One of the roads near my house was just redone. They added some awesome retroreflectors in the middle. Here is a shot. No wait, I don’t have a picture of that. I tried to take one, but it just didn’t turn out very well. Oh, you know what it is supposed to look like. It looks like little tiny lights in the middle of the road.
What makes these things so cool? Why do they look like they are battery powered or something? Maybe it would be helpful to compare retroreflectors to some other materials. I can group stuff in the following manner:
- Shiny stuff
- Non-shiny stuff
What if I place some of these things on the floor and view them in different arrangements of viewing location and light source? Here are two pictures. For the first one, I took a picture of the objects with a flashlight very near the camera. For the second picture, the flashlight is not near the camera.
- First, I messed up. I had to set the camera on a long exposure to get these to come out ok. For the first one, I bumped the camera and made the image look all fuzzy. Didn’t even realize this was messed up until I picked up all my stuff.
- I put some stuff in there. I have the retroreflector on a pair of running shoes, and a retroreflector from a bike.
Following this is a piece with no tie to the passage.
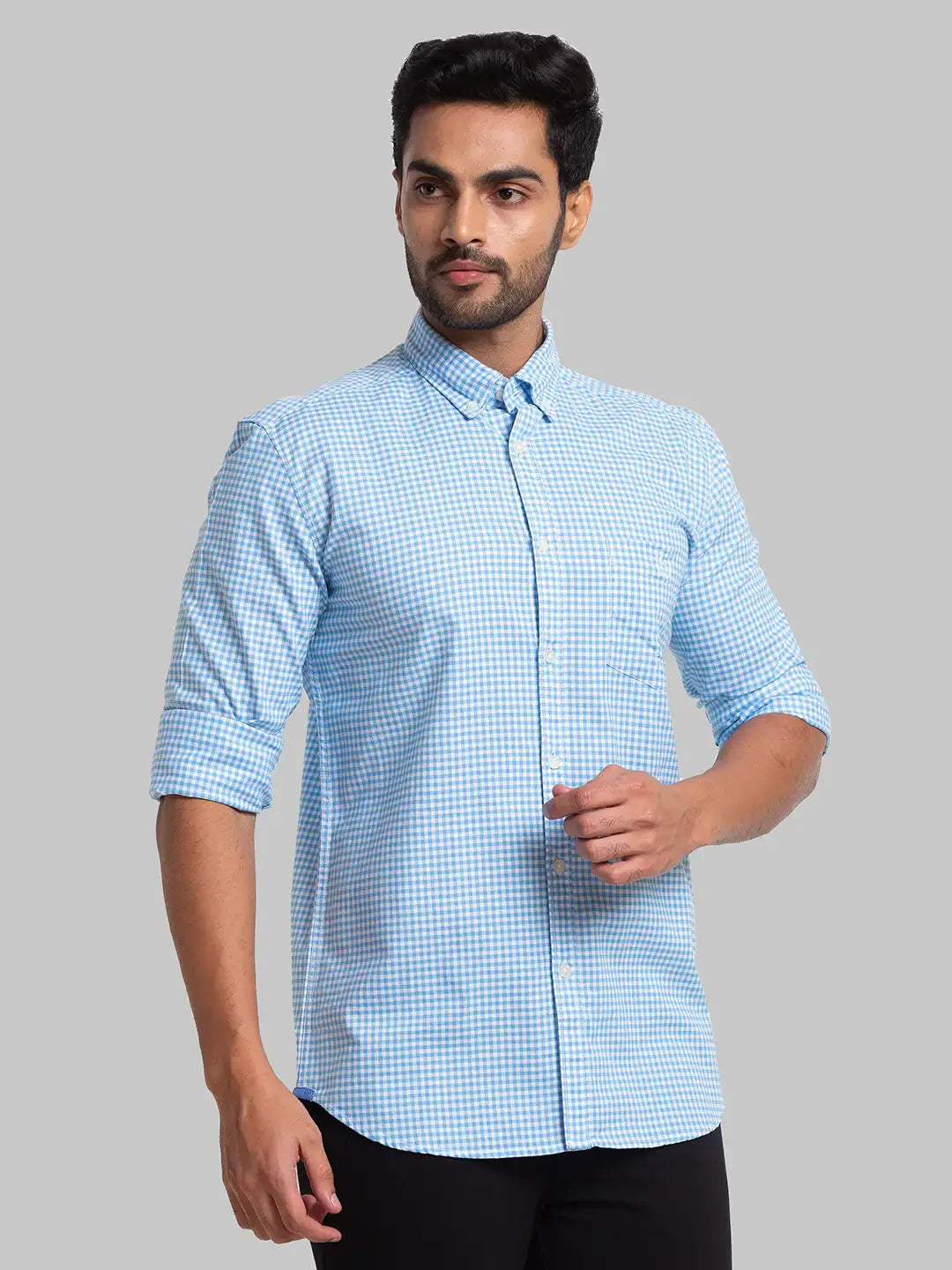 Men Blue Slim Fit Checks Cotton Full Sleeve Shirts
Also, I put a mirror in there as my “shiny” object. The ground acts as a non-shiny object.
- For the top image, the light is right near the camera. Notice how shiny the two retroreflectors look.
- For the bottom shot, the two retroreflectors look non-shiny and everything else looks the same as it did.
- In both shots, the mirror looks black.
So, why is it this way? First, the shiny object. For this, light bounces off in the same way it hit the object. You don’t see anything when you are holding the flashlight because the light bounces away from your eye. Here is a light ray diagram for that case. I put an eye on the other side so you would be able to see the light from the flashlight.
Here is a diagram for a non-shiny object. When light hits it, it reflects in many different directions. Some of the reflected light goes back to the eye, so you can see it.
I made the arrows representing the reflected light smaller to represent the idea that each of these is not as bright as the original. And now, here is a diagram for the retroreflector.
When light hits the retroreflector, it comes back the same way it came. This doesn’t really depend on what angle the light is incident on the material. Note that a normal mirror will also reflect light back the same way it came – but one when the light hits perpendicular to the mirror.
How do you make a retroreflector? One way is with perpendicular mirrors. Here is an example in 2-dimensions:
And if you built one in 3-D, it would look like this:
If you have three mirrors, you can easily reproduce that configuration. The cool thing is that if you hold a flashlight near your eye, no matter where you go in a room it will shine back on you. Try it.
Of course, there is another way to make a retroreflector – tiny little glass spheres. These will also reflect light back in the same way it came in. Look closely at a retroreflector and sometimes you can see these.